The Dsquared logo design ties directly into the name with square lettering that has been rounded for a friendly feeling. A modern font creates a contemporary and distinctive image that is definitely congruent with the brand image, with several of the letters such as the Q formed in unique and interesting ways. The way the last letter has a small two on the upper right hand side ties into the name in a clever way. Simple black and white is a great colour choice for a fashion brand, but perhaps a little generic in a text-only logo.
The Fun Brand.
Nudie Jeans has another text-only fashion logo design, this time in a handwritten scrawl that ties into the fun and informal feeling of the brand. The name is easy to remember and sure to inspire interest, making it a huge benefit to the brand. Again we see black and white colour, which is beginning to feel a little cliché. Another disadvantage of this logo design is that it isn’t bold enough to stand alone on a small clothing label; the pocket patches instead use a more recognizable upper case N drawn backward. While this logo design is certainly relevant and attractive, we recommend that this brand adopt one logo can be used in all contexts.
The Western Exotic.
Prps may not seem like an exotic brand at first glance, but consider the mere juxtaposition of Japanese denim made from African cotton. The products are then sewn into American styles and given modern wear marks and frays in concordance with the current fashion. The result is a melange of culture. The casted Cupid combined with the tagline hint at the fashionably worn styles, while the classic writing implies old-time quality. In a surprising and yet relevant choice, the colour of the logo design is a deep, denim blue.
The Stoic Type.
The APC Denim brand truly presents itself as a bold standard, with the simplest possible logo design. The writing is simple and thick, giving an imposing presence in black and white against a black background. Although this logo design is highly recognizable, it is equally forgettable. The logo design does nothing to differentiate itself from the other denim brands out there, which may just be a fatal mistake for the brand.
The British/Asian Blend.
Japanese denim is all the rage among blue jean lovers, and it is also one of the hallmarks of the Allevol brand. The logo design of this company features a traditional Japanese plantation and denim factory, tying into one very important part of the brand. The logo design has words intended to inform people of the British design and Japanese construction that do into these denim products, while also adding to the general vintage feeling of the company. This logo is different from most other denim logos, which is appropriate as the business itself is very unique.
The Counter Culture Statement.
Firetrap has a slightly offbeat brand and a logo design to match. The black and white seen here is not so much a standard mark of sophistication, but instead has stark implications and the moody feeling of a black and white photograph. The jagged clack shape surrounding the wording appears to be some sort of tank or warship, giving an edgy hint of violence that is certainly confirmed by the tagline. The wording is slightly off centre, adding to the counter culture feeling that is so attractive to young people in London.
Who is the winner of this clash?
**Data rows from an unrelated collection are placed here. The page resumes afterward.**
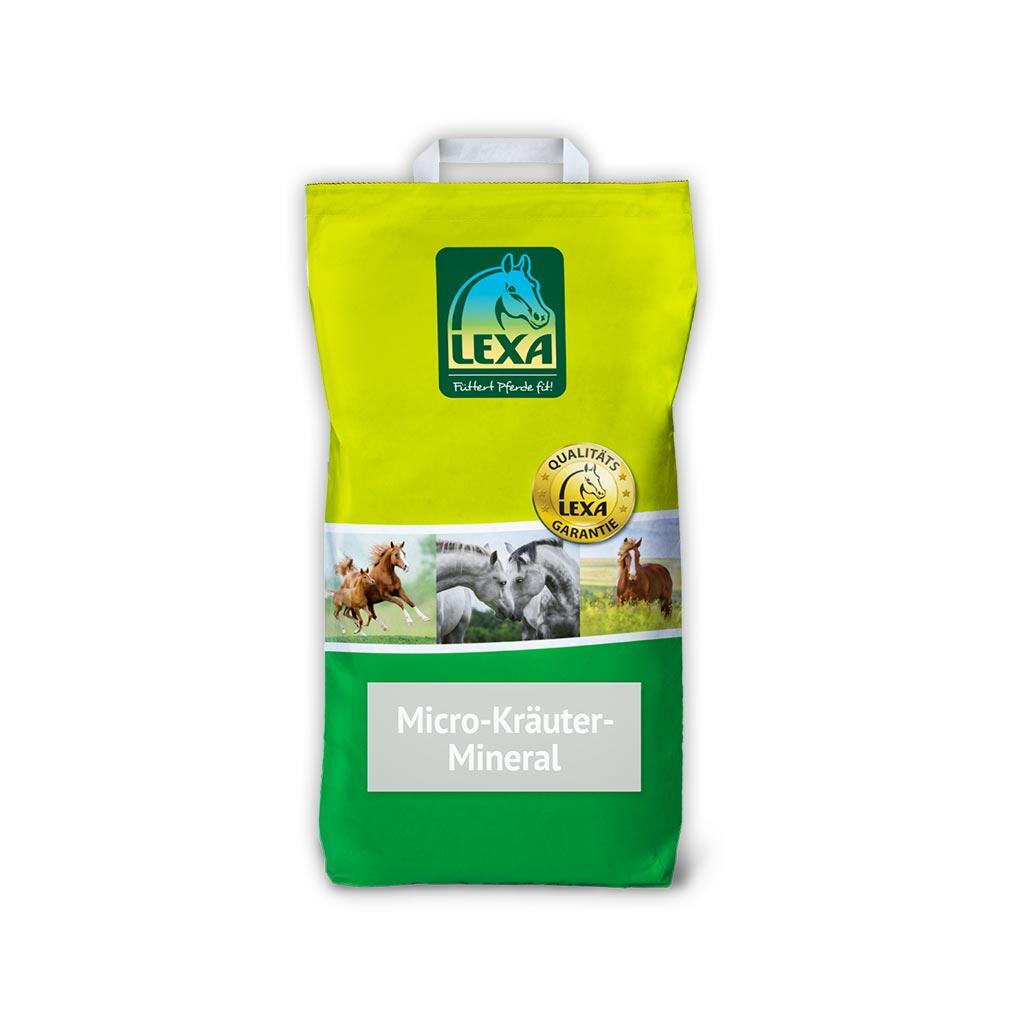 LEXA Mineralfutter MICRO-KRÄUTER-MINERAL für Pferde 25kg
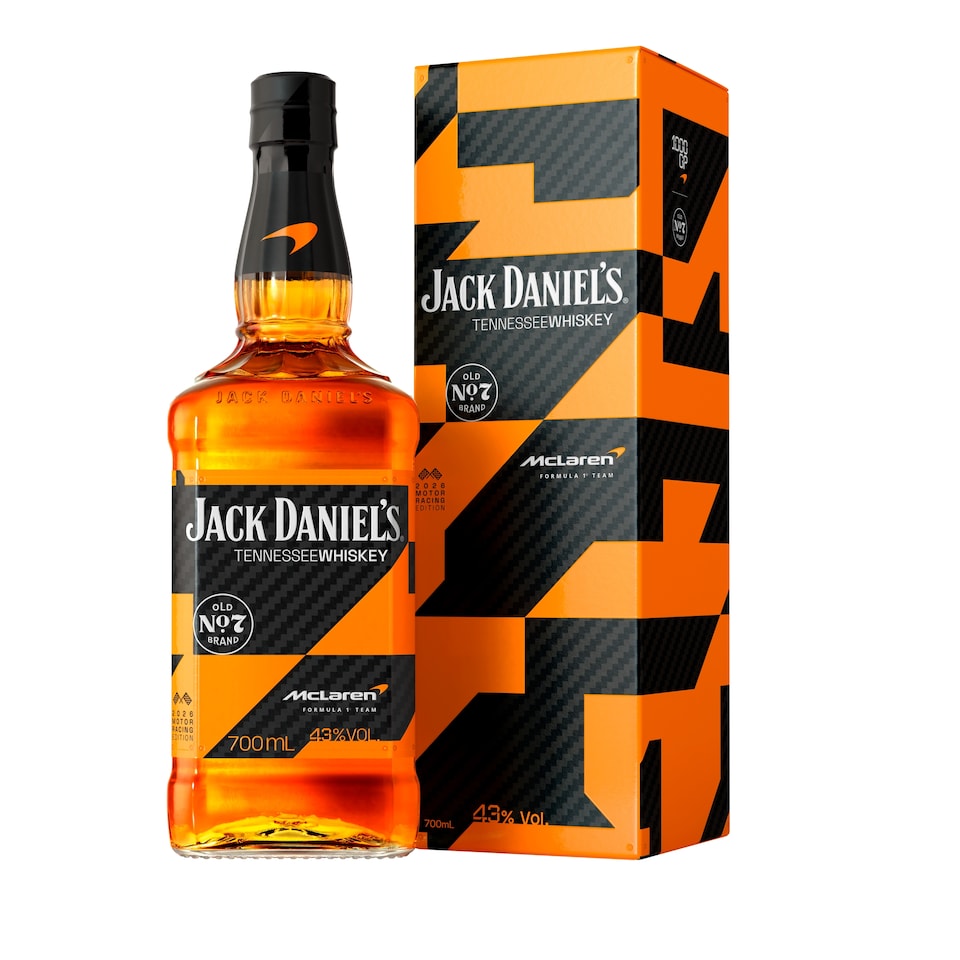 Jack Daniels Old No7 Brand McLaren Tennessee Whiskey 700ml - Tesco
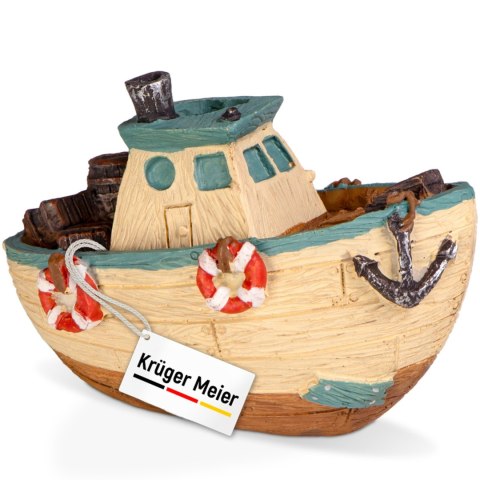 Kruger Meier Fishing Boat - Statek do akwarium 11x6.5x7.5 cm Kruger Meier
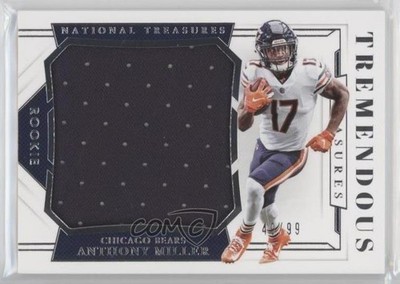2018 Panini National Treasures Tremendous Rookies 49/99 Anthony Miller RC 1u6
APC Denim, Dsquared, and Nudie Jeans all use text-only logos in black and white, therefore missing out on a valuable chance to build their brand. The colour of the Diesel logo design is both eye catching and easy to spot, but the design is just a little too bland for modern tastes. The Allevol logo design is certainly different, but too complicated to work well in a variety of sizes and materials. While Prps and Firetrap both have a unique logo design that certainly suits their brand, the edgy images may be upsetting to much of the market.
This leaves our winner: Natural Selection. This logo design is unique and memorable, a true conversation piece. It is simple enough to work well on a small clothing label but detailed enough to be visually interesting at larger sizes. Best of all, it is directly relevant to the brand. Natural Selection is already a favourite among upmarket denim lovers in the UK, and its interesting and unique brand practically ensures even more success in the future.